In some embodiments the apparatus comprises a position sensor 16 configured to estimate the position of the apparatus 10. The position sensor 16 can in some embodiments be a satellite positioning sensor such as a GPS (Global Positioning System), GLONASS or Galileo receiver.

In some embodiments the positioning sensor can be a cellular ID system or an assisted GPS system.

In some embodiments the apparatus 10 further comprises a direction or orientation sensor. The orientation/direction sensor can in some embodiments be an electronic compass, accelerometer, a gyroscope or be determined by the motion of the apparatus using the positioning estimate.

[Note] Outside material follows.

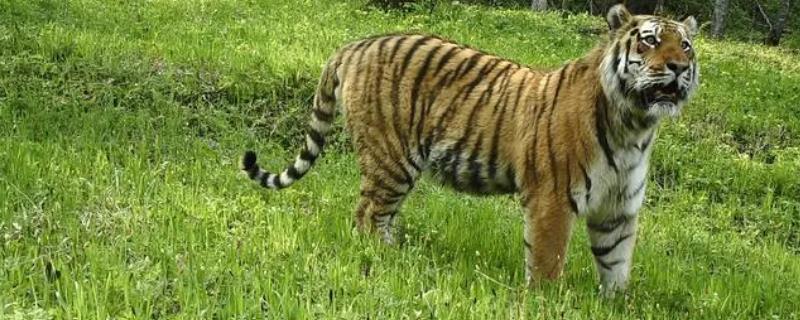 老虎有哪些品种，现仅存西伯利亚虎、孟加拉虎、华南虎等品种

It is to be understood again that the structure of the electronic device 10 could be supplemented and varied in many ways.

Furthermore it could be understood that the above apparatus 10 in some embodiments can be operated as an audio scene server 109. In some further embodiments the audio scene server 109 can comprise a processor, memory and transceiver combination.

With respect to FIG. 3 the audio alignment system according to some embodiments of the application is shown. The audio alignment system is shown with a plurality of recorders 19₁19₂19_nwhich using the transmission channel 107 pass audio signals which are being recorded or captured to the audio scene server 107. The audio scene server 107 can then furthermore output via the further transmission channel 111 to listening devices 113_Aand 113_B.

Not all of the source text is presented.